The Labour leader said that he wanted to exploit Lord Prescott’s experience in negotiating the landmark Kyoto Protocol in the run-up to a crucial United Nations summit in Paris at the end of the year.

Writing in The Observer, he said: “His abilities and experience, as one of the architects of the Kyoto Protocol in 1997, must be used at this critical time for our future and there is no one better than John at bashing heads together to get a deal.”

In his column in The Sunday Mirror, Lord Prescott said that his brief would be to work with heads of state and foreign governments to “raise their ambition”.

“For the last two years, I’ve spent my time trying to get agreement from elected parliamentarians around the world,” he said.

“From Mexico, to India and Europe, politicians have agreed it could be a way forward.

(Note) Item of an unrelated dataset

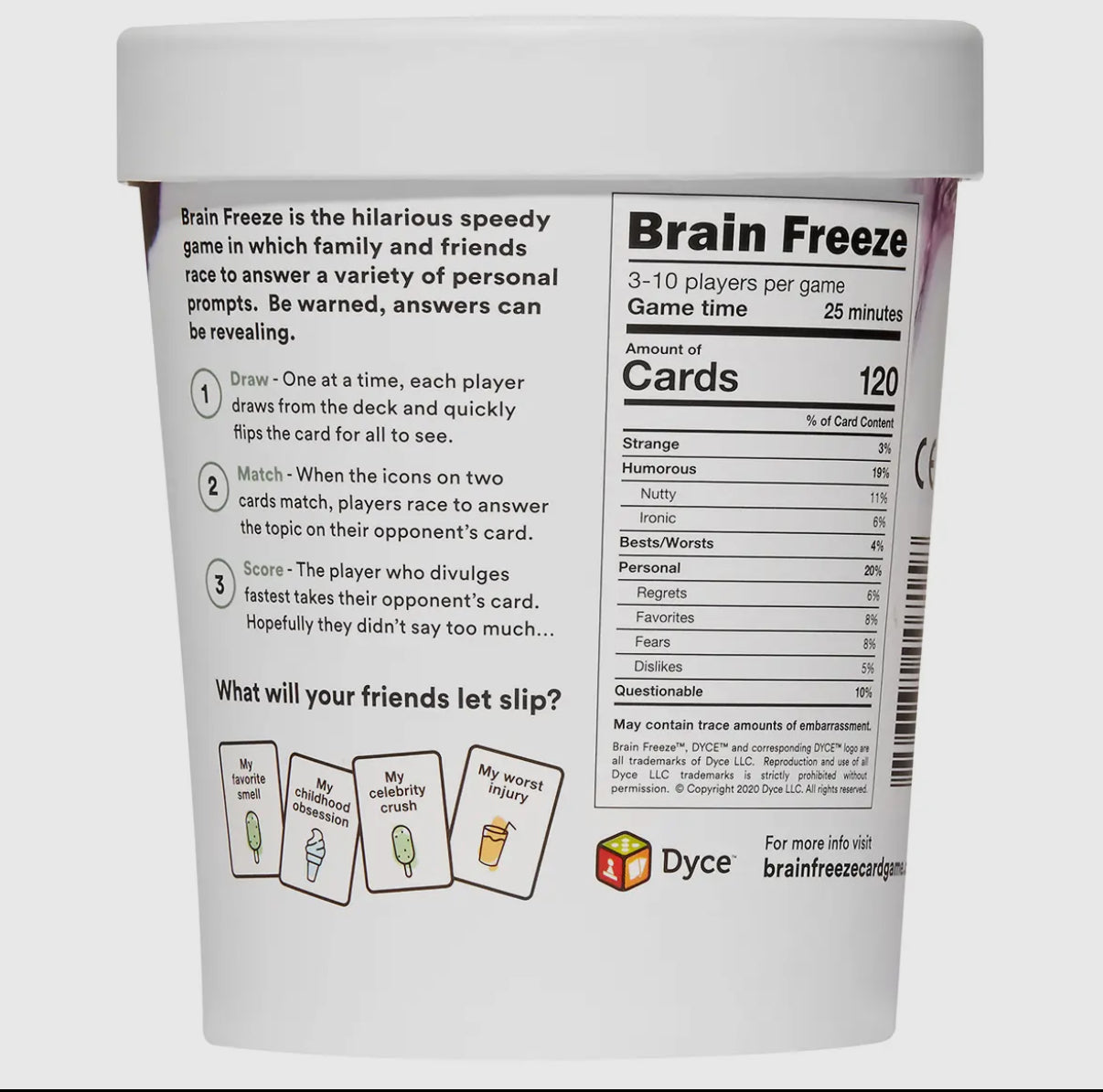Container of 'Brain Freeze' game with instructions and graphics on a white background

But now we need to get the world leaders involved.”

Despite his reputation as one of the most tribal of Labour politicians, he said he was prepared to work with the current coalition government in order to try to get a deal in Paris.

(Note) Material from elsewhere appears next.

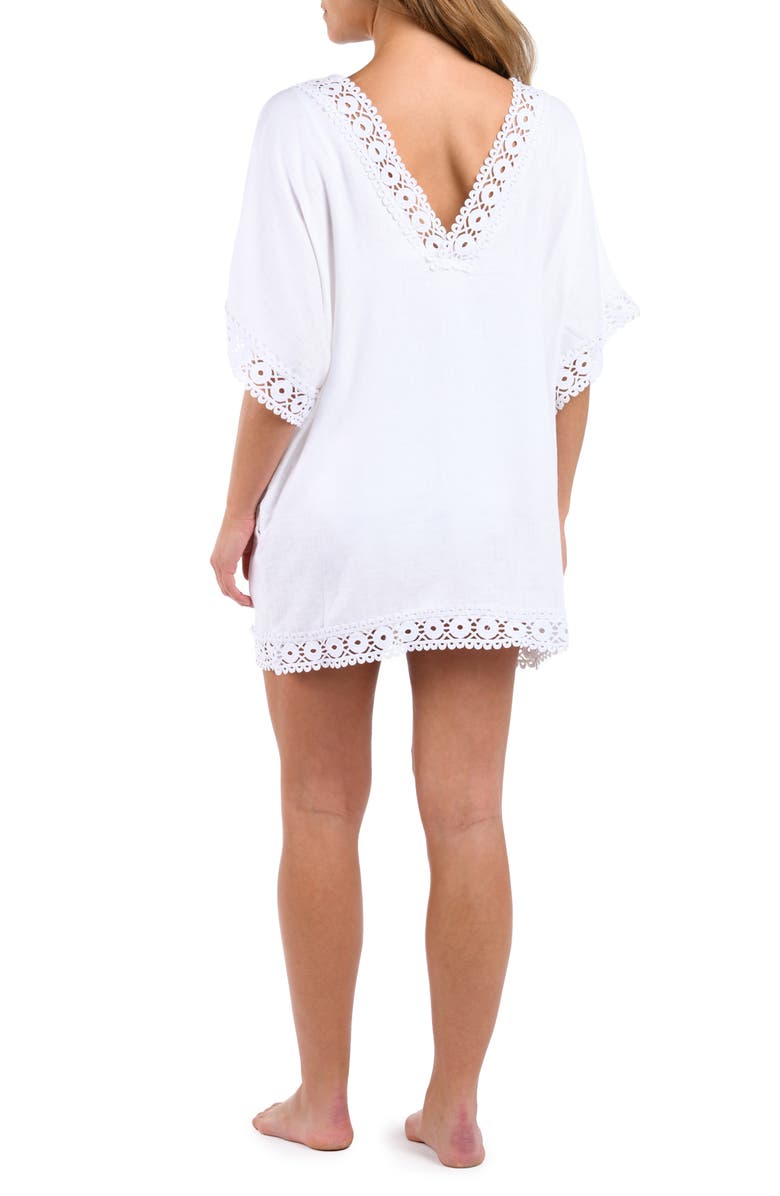 La Blanca Lakeside V-Neck Cover-Up Tunic, Alternate, color, White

“This should be above politics and we need to work together,” he said.

Mr Miliband said that after the floods of last year, climate change had become an issue of national security for Britain and that it would be a “disaster” if the summit failed to achieve a meaningful agreement.

“There is a real danger that this great chance to achieve action is going to slip by, without the world even noticing,” he said.

“That might suit some politicians here at home but it will be a disaster for our country and the world.

“As the floods in Britain showed last year, this is now an issue of national – as well as global – security.

“The weaker the action now, the more rapid and costly the reductions will need to be later.

“I do not want to see Britain or any country having to adopt crisis measures to halt the slide into global catastrophe because we missed this critical opportunity now.”

Mr Miliband, a former climate change secretary, said he would use the talks to push for ambitious carbon emissions targets for all countries with a goal of net zero global emissions by the end of the current century.

He said they would need to be backed by transparent, universal rules for measuring, verifying and reporting emissions, and an “equitable deal” in which richer countries would support to poorer nations in their efforts to combat the effects of climate change.